**Data section**:
──────

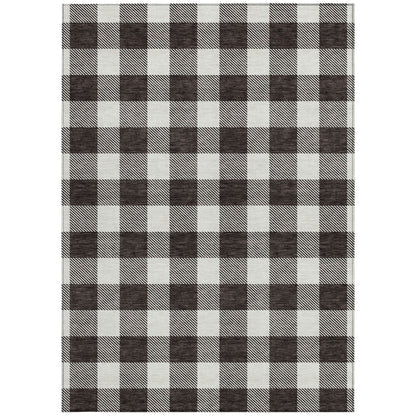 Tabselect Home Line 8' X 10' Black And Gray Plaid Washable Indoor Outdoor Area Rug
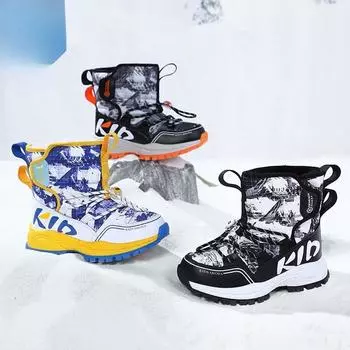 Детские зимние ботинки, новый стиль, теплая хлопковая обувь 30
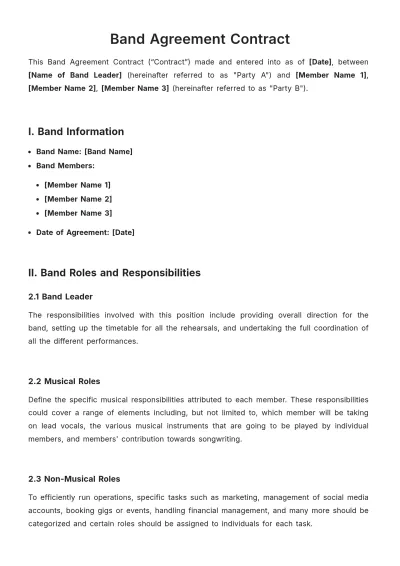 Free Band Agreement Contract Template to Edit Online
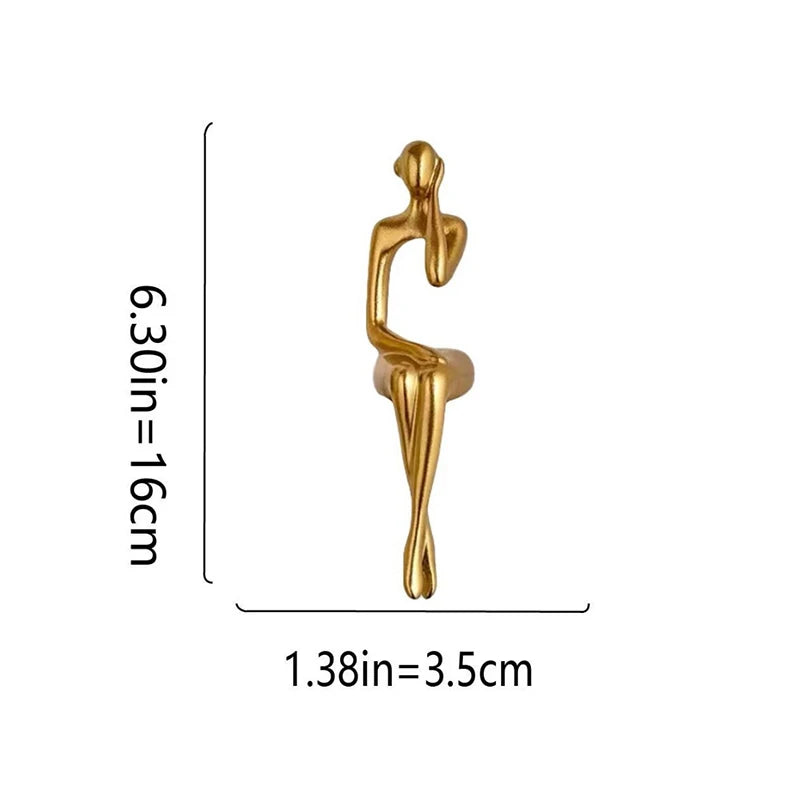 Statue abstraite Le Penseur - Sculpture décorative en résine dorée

──────

**What needs to be done**: In the copy, include no pictures; everything else in the material should be written out exactly.

**Response box**:
 Tabselect Home Line 8' X 10' Black And Gray Plaid Washable Indoor Outdoor Area Rug
 Детские зимние ботинки, новый стиль, теплая хлопковая обувь 30
 Free Band Agreement Contract Template to Edit Online
 Statue abstraite Le Penseur - Sculpture décorative en résine dorée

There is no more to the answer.